Slurm: Job Exit Codes
A job's exit code (also known as exit status, return code and completion code) is captured by SLURM and saved as part of the job record.
Any non-zero exit code will be assumed to be a job failure and will result in a Job State of FAILED with a reason of "NonZeroExitCode".
The exit code is an 8 bit unsigned number ranging between 0 and 255. While it is possible for a job to return a negative exit code, SLURM will display it as an unsigned value in the 0 - 255 range.
Displaying Exit Codes and Signals¶
Slurm displays a job's exit code in the output of the scontrol show job
and the sview utility.
When a signal was responsible for a job or step's termination, the signal number will be displayed after the exit code, delineated by a colon(:).
Submitting Termination Signal¶
Here is an example, how to save a sbatch termination signal in a typical HoreKa-submit script.
[...]
exit_code=$?
echo "### Calling YOUR_PROGRAM command ..."

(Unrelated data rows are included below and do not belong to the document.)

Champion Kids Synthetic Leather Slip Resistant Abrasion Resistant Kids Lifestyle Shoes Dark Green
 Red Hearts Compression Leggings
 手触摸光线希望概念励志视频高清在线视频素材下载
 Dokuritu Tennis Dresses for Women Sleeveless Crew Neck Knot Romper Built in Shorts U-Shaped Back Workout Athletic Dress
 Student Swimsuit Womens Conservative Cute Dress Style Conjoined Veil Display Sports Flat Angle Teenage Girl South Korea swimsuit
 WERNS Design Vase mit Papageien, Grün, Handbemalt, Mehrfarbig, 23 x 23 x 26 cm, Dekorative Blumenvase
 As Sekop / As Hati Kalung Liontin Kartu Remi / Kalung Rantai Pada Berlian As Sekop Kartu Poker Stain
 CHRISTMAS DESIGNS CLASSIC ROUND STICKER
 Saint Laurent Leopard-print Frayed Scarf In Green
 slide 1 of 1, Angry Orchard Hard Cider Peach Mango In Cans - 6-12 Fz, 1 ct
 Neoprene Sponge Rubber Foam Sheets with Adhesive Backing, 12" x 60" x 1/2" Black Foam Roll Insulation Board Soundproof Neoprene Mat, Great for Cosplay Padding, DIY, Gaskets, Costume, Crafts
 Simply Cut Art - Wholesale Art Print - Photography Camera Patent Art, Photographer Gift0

mpirun -np 'NUMBER_OF_CORES' $YOUR_PROGRAM_BIN_DIR/runproc ... (options) 2>&1
[ "$exit_code" -eq 0 ] && echo "all clean..." || \
echo "Executable ${YOUR_PROGRAM_BIN_DIR}/runproc finished with exit code ${$exit_code}"
[...]
- Do not use
time
mpirun! The exit code will be the one submitted by the first (time) program. - You do not need an
exit $exit_code
in the scripts.